The fossil M. nesbittae was discovered in 70's and was studied south. But the rock matrix and the material around the fossil convert many of their features, frustrated formal classification. Then, Carlos Mauricio Peredo, a researcher at the National Museum of Natural History, fossilized a major purification and studied state-of-the-art X-ray scanning technology.

Close to the shots showed that the knees of M. nesbittae found the teeth. That in itself is not astonishing: The whale, which was probably lived in life for 15 meters, lived in an era when some types of species ever made an evolutionary transition from the tooth for the use of bales in place.

Bales are sequences of flexible, hardened plates that will use types such as bushes and blue walls to filter smaller giants of ocean giants. The feeding technology makes it possible for bullet whales to eat every day tons of food without eating or eating.
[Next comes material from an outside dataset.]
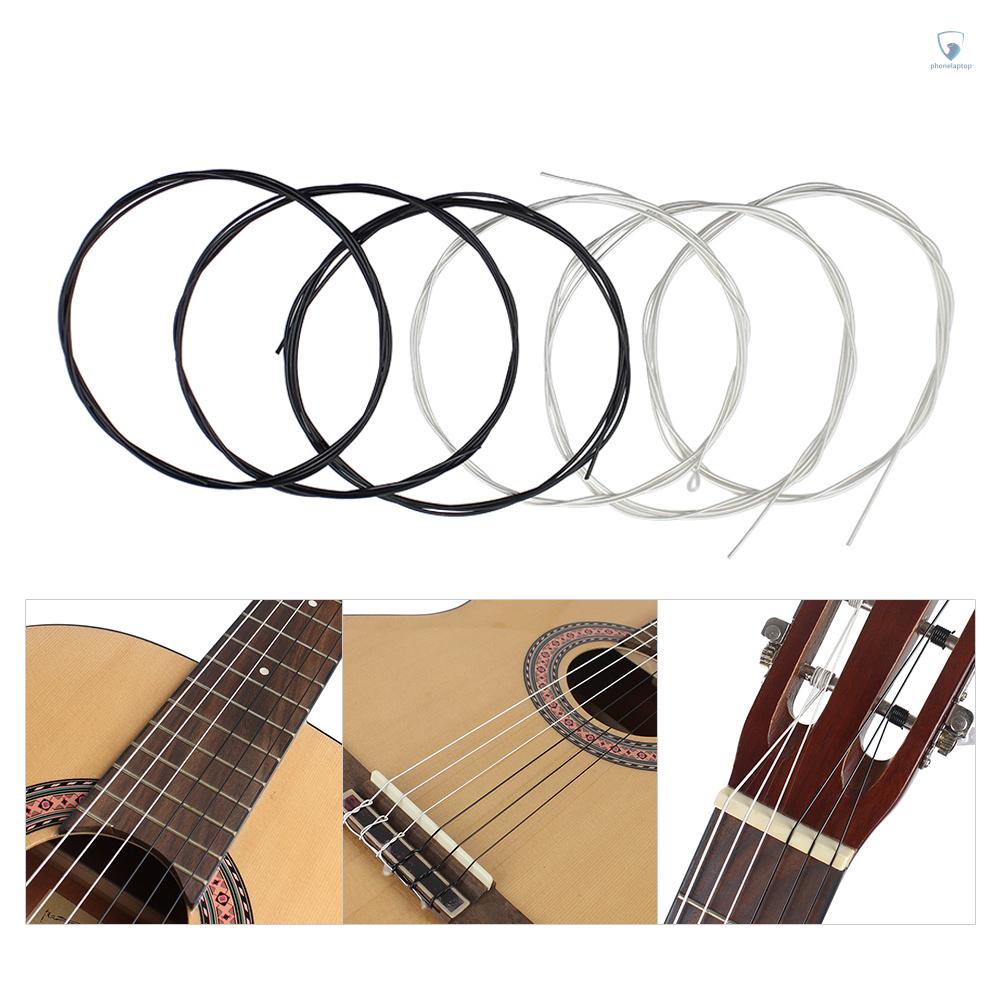 Bộ 6 Dây Đàn Guitar Cổ Điển (. 028-.043) Bằng Nylon Hai Màu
What makes M. nesbittae special is that her top was thin and narrow, which does not seem to be unusable to support the balneen structure.
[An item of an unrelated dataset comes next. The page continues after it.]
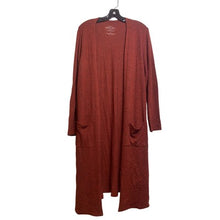 Load image into Gallery viewer, Torrid Cardigan Sweater Womens 3 Duster Open Front 41" Long Red Heathered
"A live baalwale has a large, wide roof in the mouth, and it is also to make attachments for the ball," Peredo said, the # 39 most important author of # is the current biological study. "Maiabalaena does not, we can trustfully say that this fossil species has no tooth, and it is more than likely or not that it has not stayed."

That would support the hypothesis that some toxic whalers have evolved to benefit from a feeding strategy that does not require dryness or bale.
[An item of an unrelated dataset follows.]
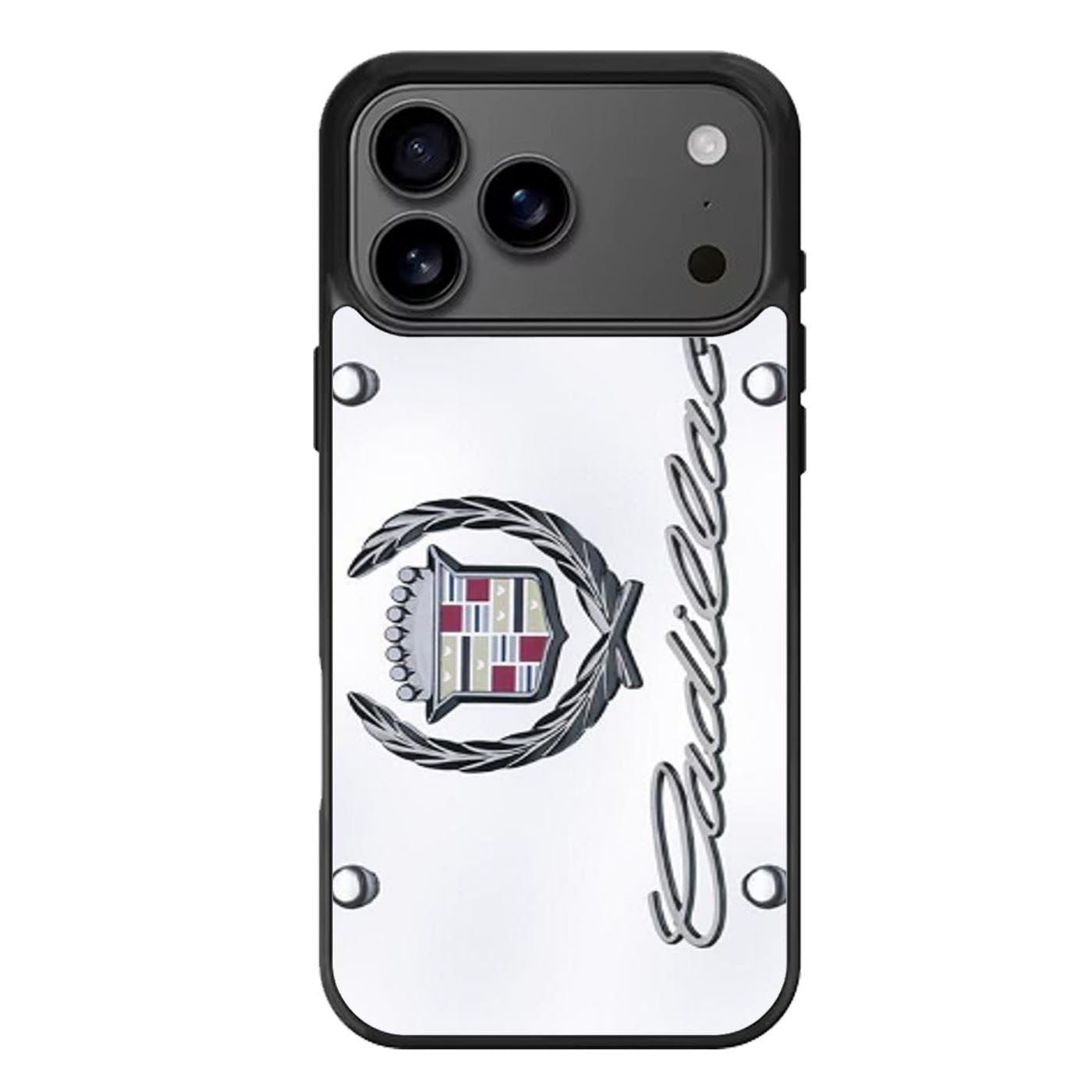 CADILLAC OLD PLATE LOGO iPhone 17 Pro Max Case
Peredo and his colleagues say muscle attachments about the bones of M. nesbittae suggest that it had a strong cheek and a thoughtful story. They make sure that the whale sows a lot of boiling water into the mouth, feed small fish and squid in the process … without dryness. (The current nave, which has only two vestigial teeth, uses a similar strategy.)

In this scenario, the loss of branches put the stage for the performance of filtering of ballroom structures in millions of years later. The most important factor in divergence in food strategies was probably a dramatic cooling of ocean waters in & nbsp; the transition from Eocene to the Oligocene epoch, or 34 million years ago.

M. seembittae's most severe status or transnational type is reflected in the genus name Peredo and his college for their formal description of & # 39; a fossil.

"The name is Maiabalaena, which combines 'Maia', meaning mother, and 'balaena,' means 'Peredo.'" It is named after her position near the basis of the family of Baleenwale. "

Peredo says the name, nesbittae, honors Nesbitt "for her life of a contribution to the paleontology of Pacific Northwest and her mentoring and collegiality in the Burke Museum."

Elizabeth Nesbitt
Elizabeth Nesbitt is a curator of invertebrate paleontology and micropaleontology at the Burke Museum. (University of Washington Photo)

Nesbitt studies fossils in Western United States, with a special emphasis on naval fossils. Her research also focuses on microbiota of today's Puget Sound, as well as small creatures known as foraminifera as important indicators of & # 39; the health of Puget Sound. (Spoiler alert: The Indikatoren are not good to see.)

Besides her research, Nesbitt plays a civic role as a role of 'Burke Museum of # 39; the invertebrate paleontology and micropaleontology. The museum says they put exhibitions on subjects, the seismic history of # 39; The Pacific Northwest to imaginative representations of ancient fossils when they see in life.

Peredo is known for the work of Nesbitt in part because his own research uses a lot of fossils from Washington State and Oregon – including the natural fossil that has its name now.

Besides Peredo and Pyenson, the authors of the current biological paper, titled "Tooth Loss Precedes the Origin of Baleen in Whale," including Christopher Marshall and Mark Uhen.